I walk through my head of department’s classroom, which is next to mine. He is teaching Year 10, lower set, and they are quiet. Very quiet. I feel mixed emotions because I know they would never be that subdued and attentive for me, which makes me feel a failure. “No, no,” he tells me. “You have to remember that you’ve just started. You’re at the bottom of the learning curve. Give it time.”

I’m 46, in the second term of my induction year, teaching design and technology at a school where behaviour is often challenging. Time (along with equipment) is in short supply. But support is bountiful. I have been helped every step of the way by professional colleagues. Advice has flowed, albeit sometimes obliquely.

“Treat them like pigs,” said Jim, when I mentioned that I was struggling to gain the trust of some teaching groups.

Let me explain. Apparently, Winston Churchill had a pet pig. When asked the reason for this unusual choice, he replied to the effect that while dogs lookd up to their owners, and cats looked down on them, “pigs is equals”. So, within the bounds of the studentteacher relationship, I have treated them like pigs. Sorry, equals. And it works (well, sometimes).

So, do I regret my first year of teaching? Am I about to join the ranks of the 25 per cent of NQTs who leave in the first three years? No, and no. I have learned the hard way, the only way, how to handle these sort of children: working to gain their trust.

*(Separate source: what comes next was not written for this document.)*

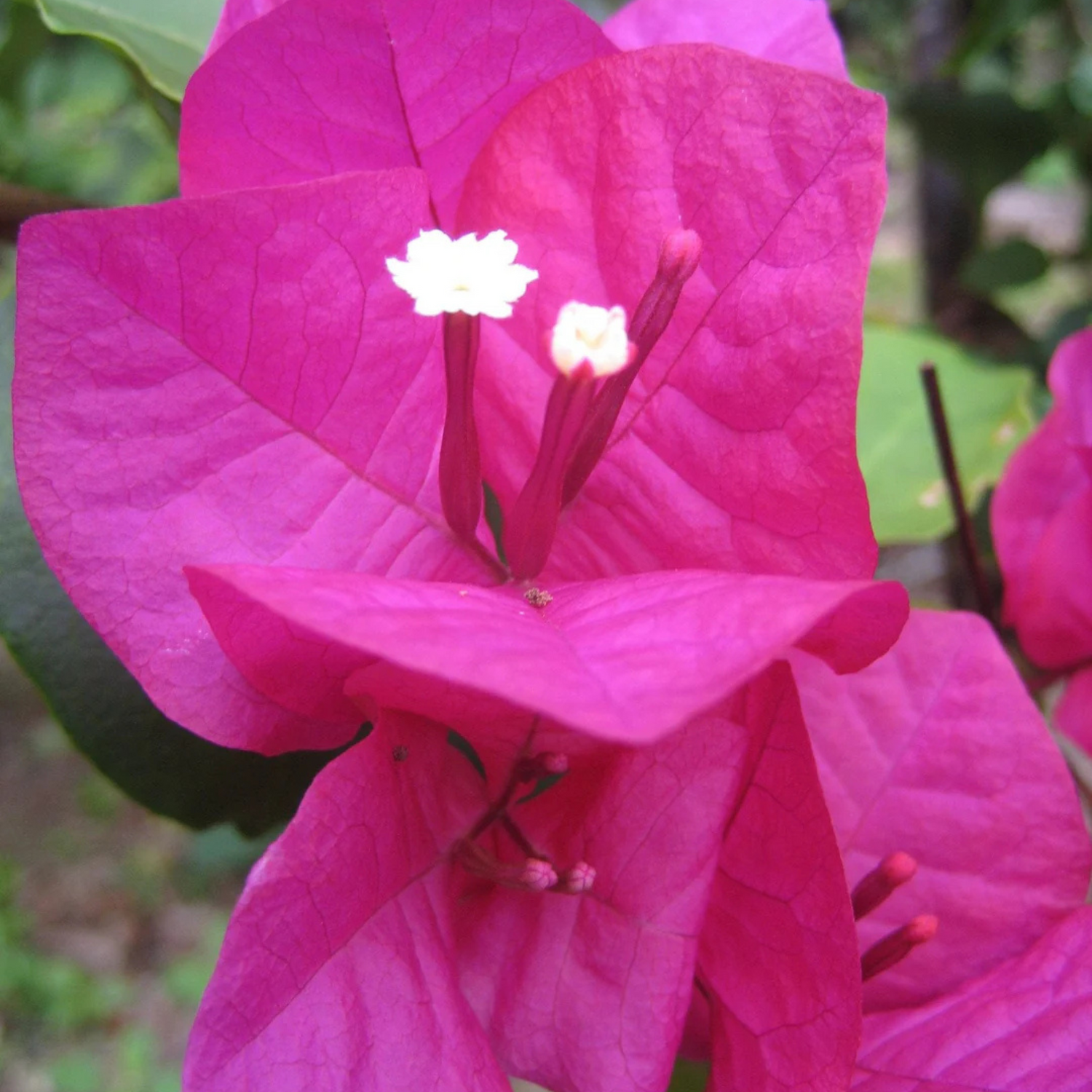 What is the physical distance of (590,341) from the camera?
309 millimetres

No amount of training could have prepared me for my first few weeks at a new and challenging school. I thought that, with 11 years as a technician in schools, I knew what to expect. Never again will I shake my head and tut-tut with a superior air when I see a teacher having difficulties controlling a class.

I still feel envious when Jim entertains his classes with effortless ease, gets them laughing while they’re learning. But after two terms, I’m getting there. I know I am.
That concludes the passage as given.